#### WORK TO BE COMPLETED:
Search the entries below for "Slopes Sweater ~". Give that line and all the lines after it again, exactly, through the last, without pictures.

----- PROVIDED RECORDS

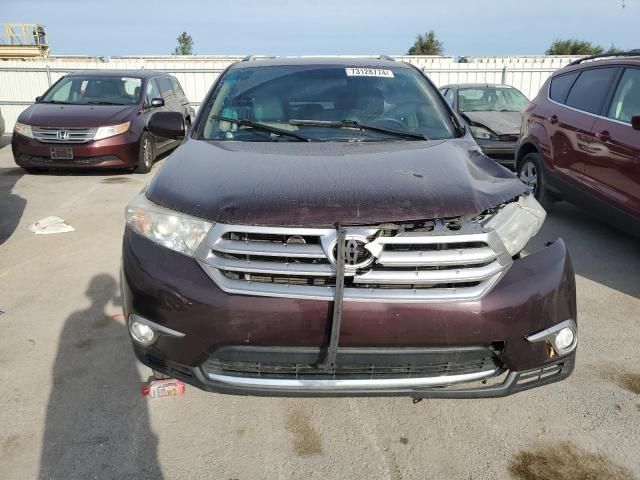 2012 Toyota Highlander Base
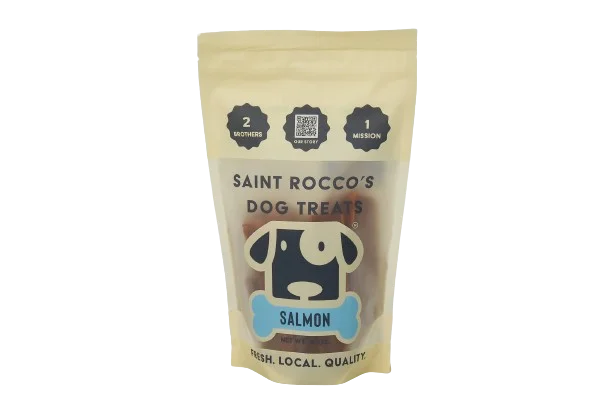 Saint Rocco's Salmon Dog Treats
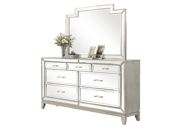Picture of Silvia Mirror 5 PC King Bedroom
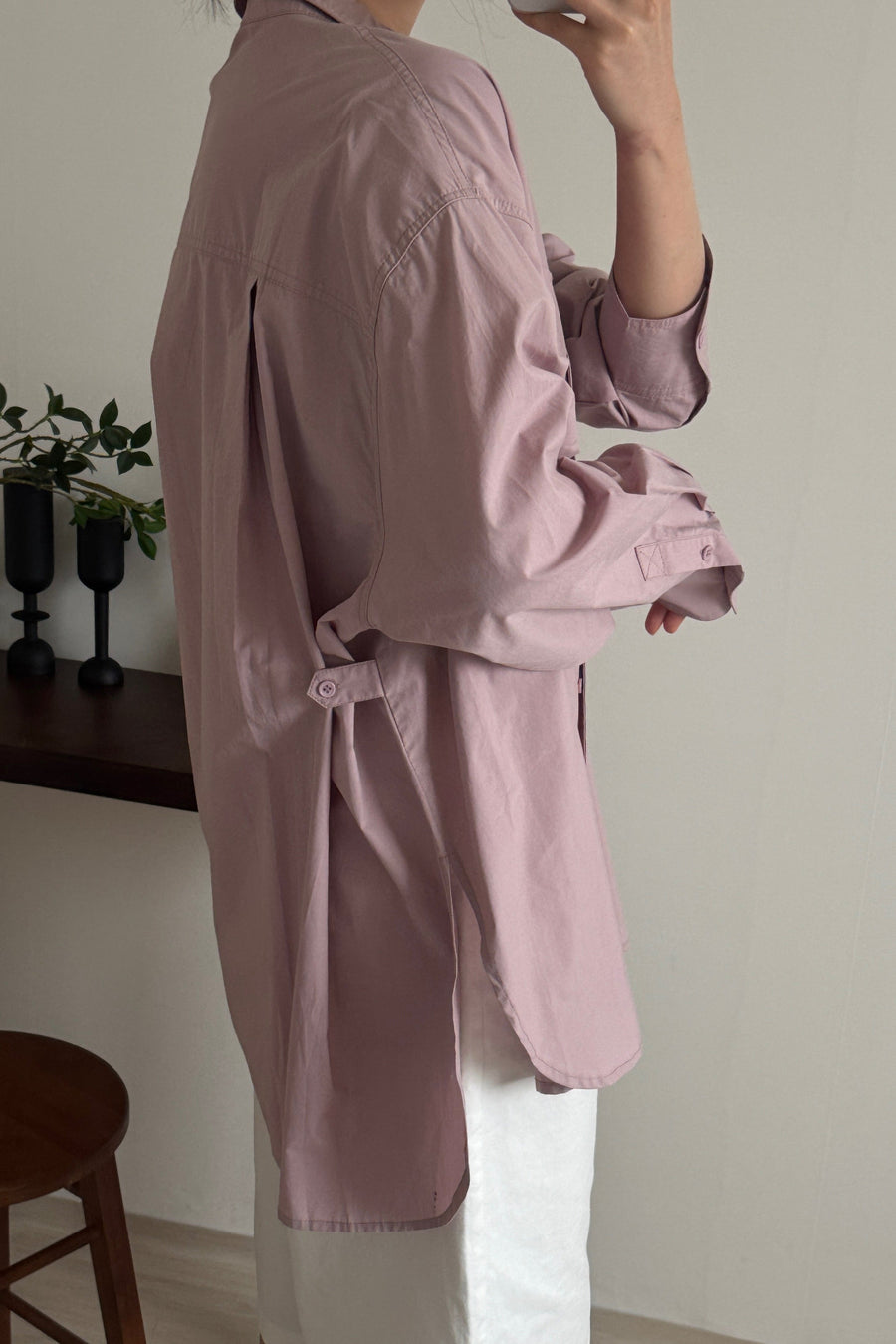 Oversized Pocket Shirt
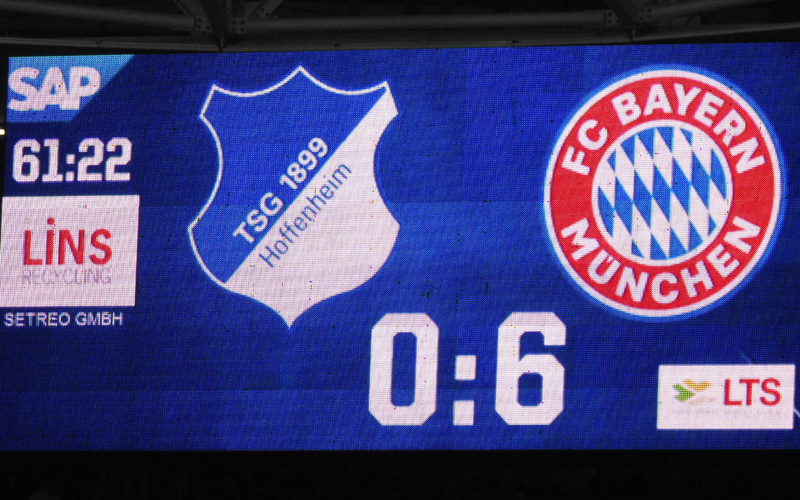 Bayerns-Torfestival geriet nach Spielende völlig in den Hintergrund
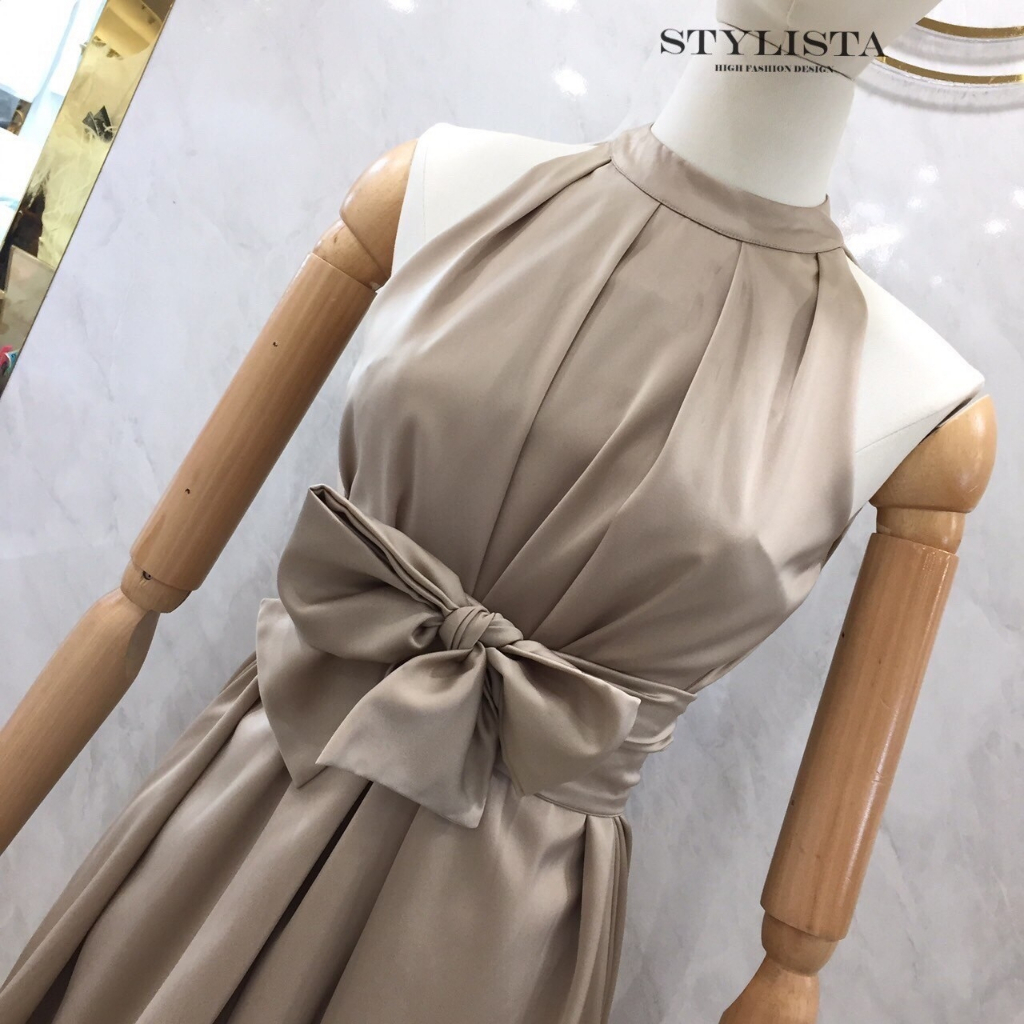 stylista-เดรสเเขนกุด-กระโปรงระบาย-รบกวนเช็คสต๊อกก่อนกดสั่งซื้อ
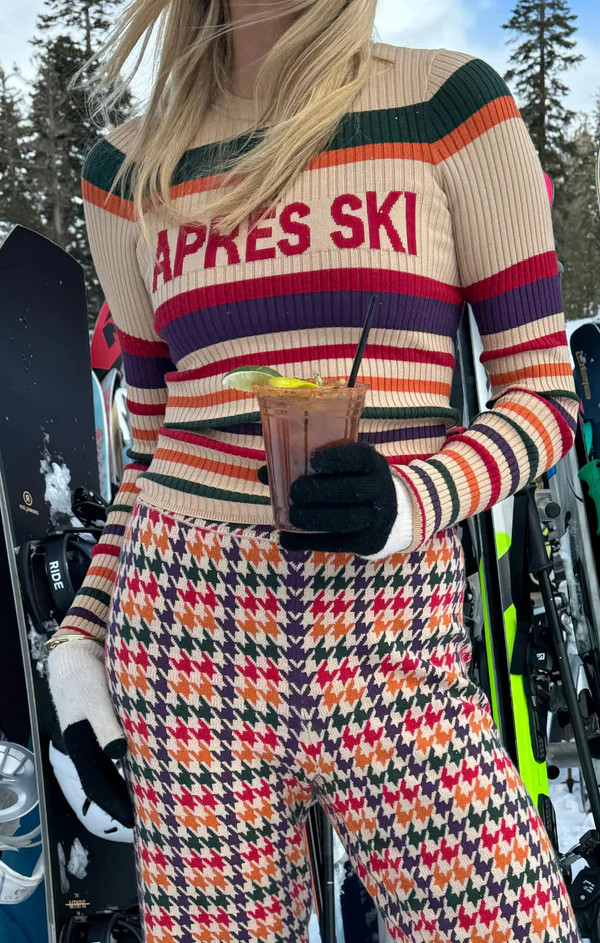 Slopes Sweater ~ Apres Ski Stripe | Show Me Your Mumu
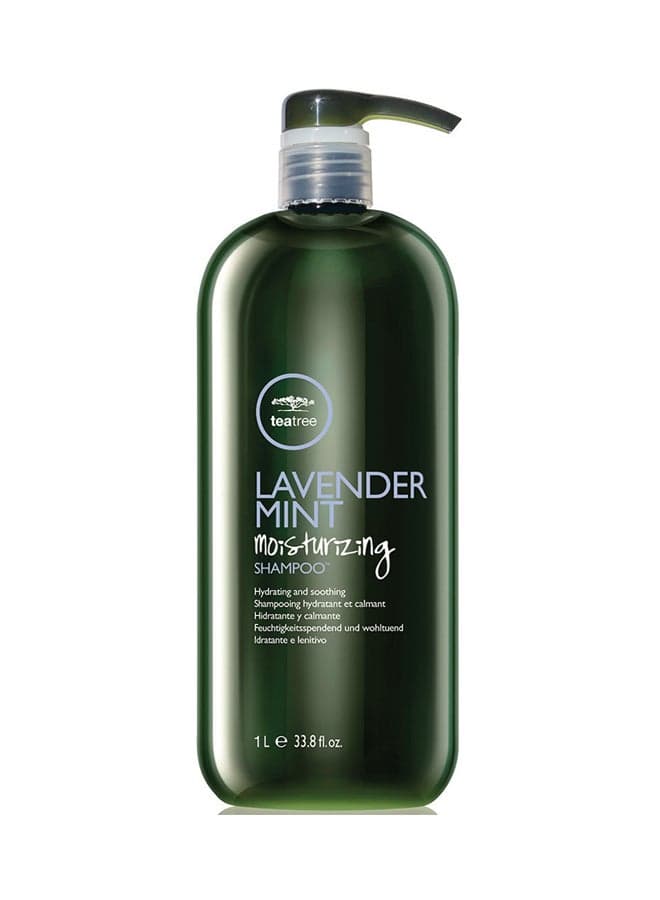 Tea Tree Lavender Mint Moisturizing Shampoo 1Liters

----------

#### ANSWER TO THE EXERCISE:
 Slopes Sweater ~ Apres Ski Stripe | Show Me Your Mumu
 Tea Tree Lavender Mint Moisturizing Shampoo 1Liters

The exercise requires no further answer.